The future of DAC is knocking

Photo: Drmakete

by Peter Minor, PhD, director of science and innovation

In discussions of promising carbon removal technologies, direct air capture (DAC) can often steal the limelight. That tracks with the industry narrative: a futuristic technology that will cheaply “solve” climate change by literally sucking CO₂ out of the air, without the verification and land use challenges of many other solutions. But in reality, the progression of current DAC technologies has been tempered by steep challenges with cost, efficiency, and energy requirements.
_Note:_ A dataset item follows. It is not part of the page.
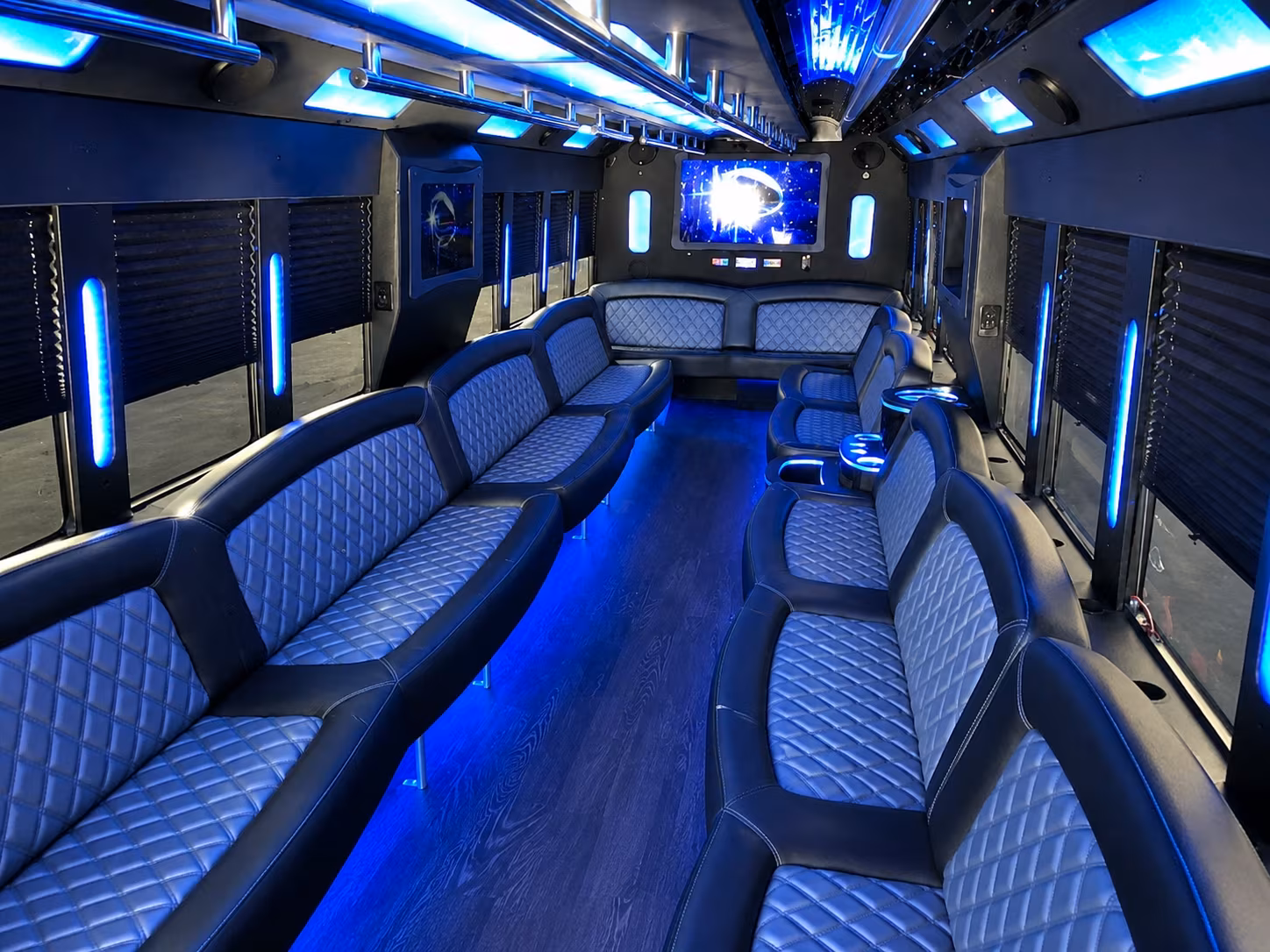 Middletown Birthday, Sweet 16, & Quinceañera Party Bus Rentals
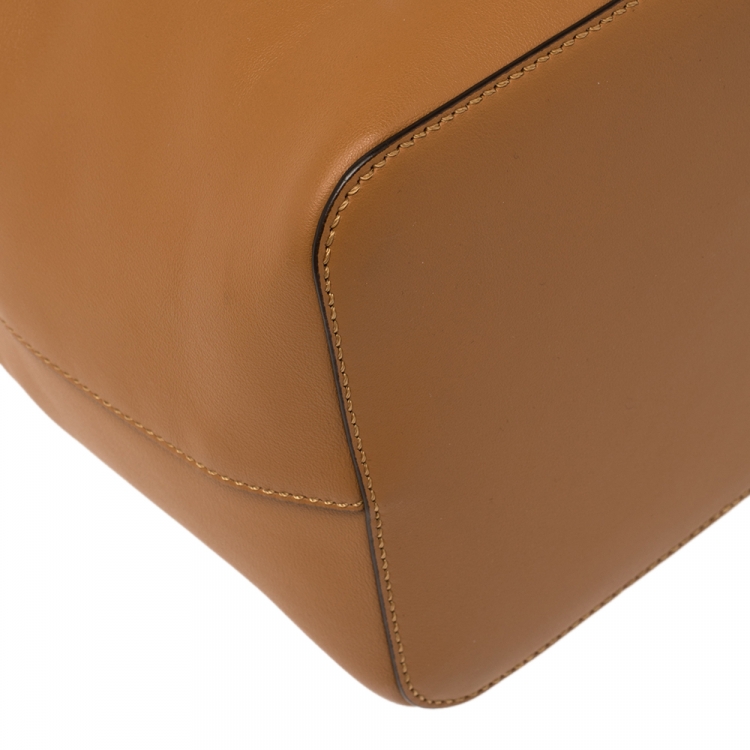 Pre Owned Fendi Tan Leather Grande Mon Tresor Bucket Bag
To have a meaningful impact on the climate, DAC needs to achieve gigaton scale at <$100/ton by 2050. That’s a far cry from our current position: Over the last 10 years, approximately 10,000 tons of CO₂ have been removed by DAC at a cost of $500–$1000/ton. Fortunately for the planet, we’re at the frontier of a new evolution of DAC — or DAC 2.0, as we like to call it.

A few start-ups have embraced new innovations that will greatly accelerate the path to gigaton-scale removal. C180’s been keeping an eye out, and we’ve identified three core developments that could supercharge the DAC industry — and the policy support needed to implement them.
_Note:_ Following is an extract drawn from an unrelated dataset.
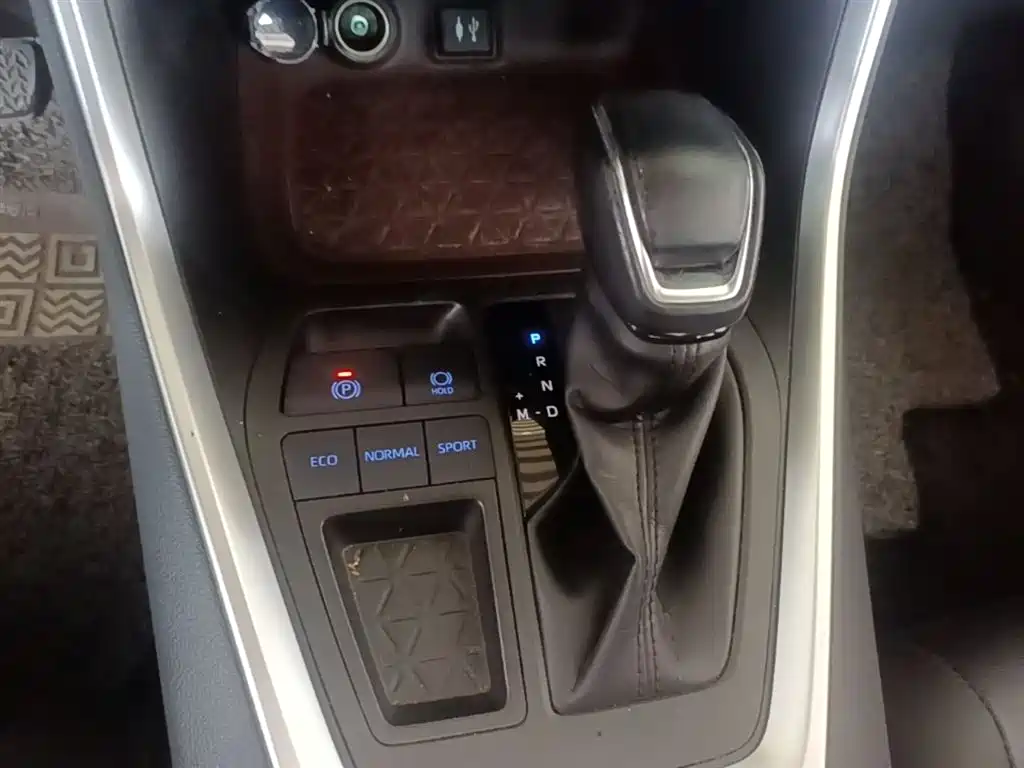 RAV4 Rongfang 2020 2.0L CVT two-wheel drive premium version купить на сайте DeffCars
The features defining DAC 2.0

Passive Air Contacting

The atmosphere’s current CO₂ concentration of ~400 ppm is alarming for the health of our planet, but it’s too low a concentration to easily separate CO₂ from ambient air at a reasonable rate. To overcome that, most plants use large fans to funnel more air into their systems, a process known as active air contacting. While this boosts the rate of CO₂ removal, it comes with additional costs and complexity. At current electricity rates, active air contacting requires ~200 kWh and $10 to remove each ton of CO₂ — when the price of carbon eventually reaches $100/ton, the electricity required to power these fans will constitute a hefty 10% of the purchase price.

That’s led some DAC leaders to adopt a new alternative: passive air contacting, or DAC without the fans. Increased surface area compensates for a lack of forced airflow, and design optimizations (like vertical stacks) position this to be a lower-cost approach in the long term.
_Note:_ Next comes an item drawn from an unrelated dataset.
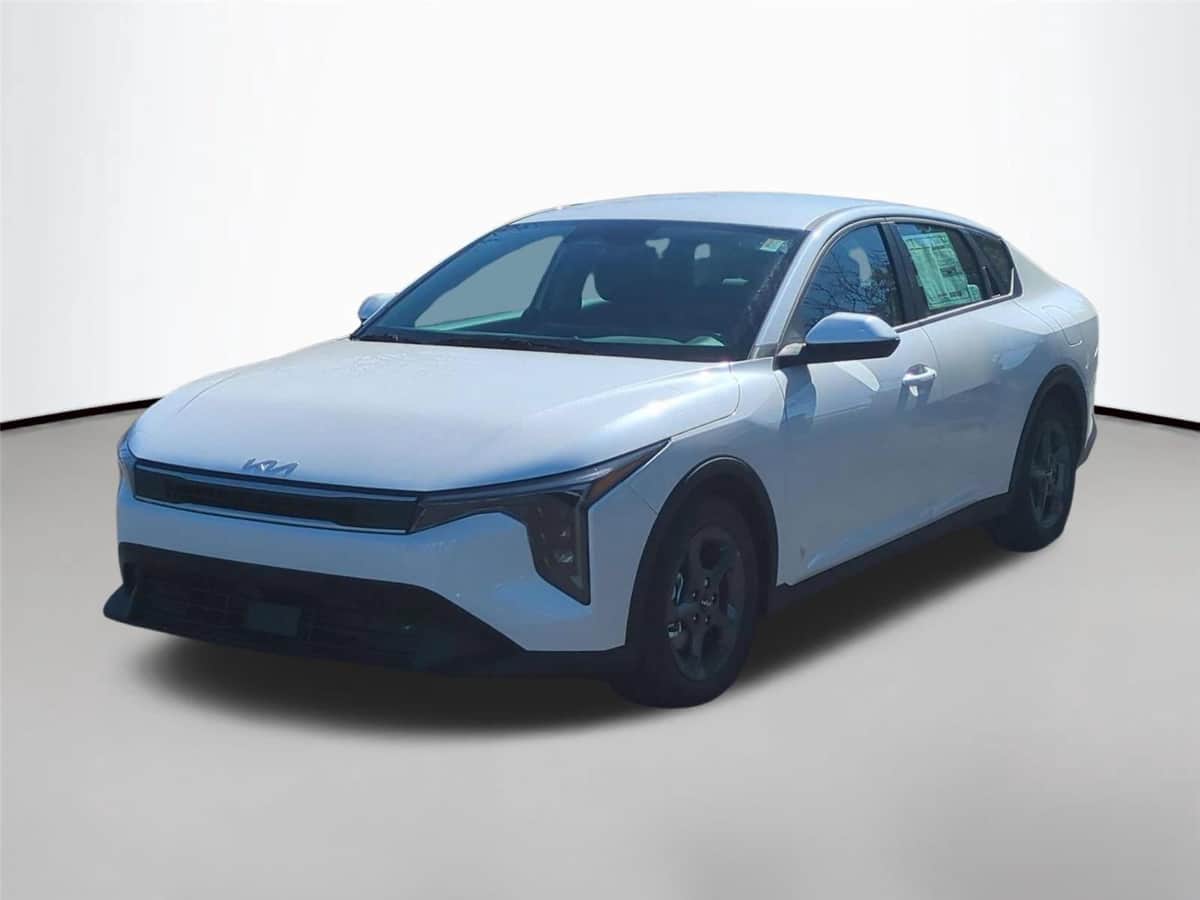 2027 Kia K4 LXS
Modular, Simple, and Off-the-Shelf

The cost and complexity of a gigaton carbon removal industry will be tremendous — equivalent in mass to global wheat production. One way to hasten this effort and minimize cost is to revamp DAC systems with simple, modular builds. This helps in two ways:

  1. Simple designs are often easier to mass-produce and deploy. If components are produced at a high volume for off-the-shelf purchase, DAC companies can mostly rely on external supply chains rather than building from scratch each time. We see frequent examples of this in other industries: A 100MW gas turbine, with its site-specific customization, requires 30 months to develop and construct. Compare that to the 18 months it takes to stand up a 150MW solar PV plant using highly modular and standardized components.
  2. When a huge volume of standardized parts are assembled, the industry accelerates its learning rate — a measure of how quickly a technology can drop down the cost curve while increasing the number of manufactured units. Solar PVs are a great example of this economic phenomenon, which have continued to drop in price as more panels are produced.

Beyond Chemical Sorbents

Current DAC technology is highly reliant on chemical sorbents to separate CO₂ from ambient air. These technologies are proven, with roots in submarine and space programs from the 1940s and 1950s.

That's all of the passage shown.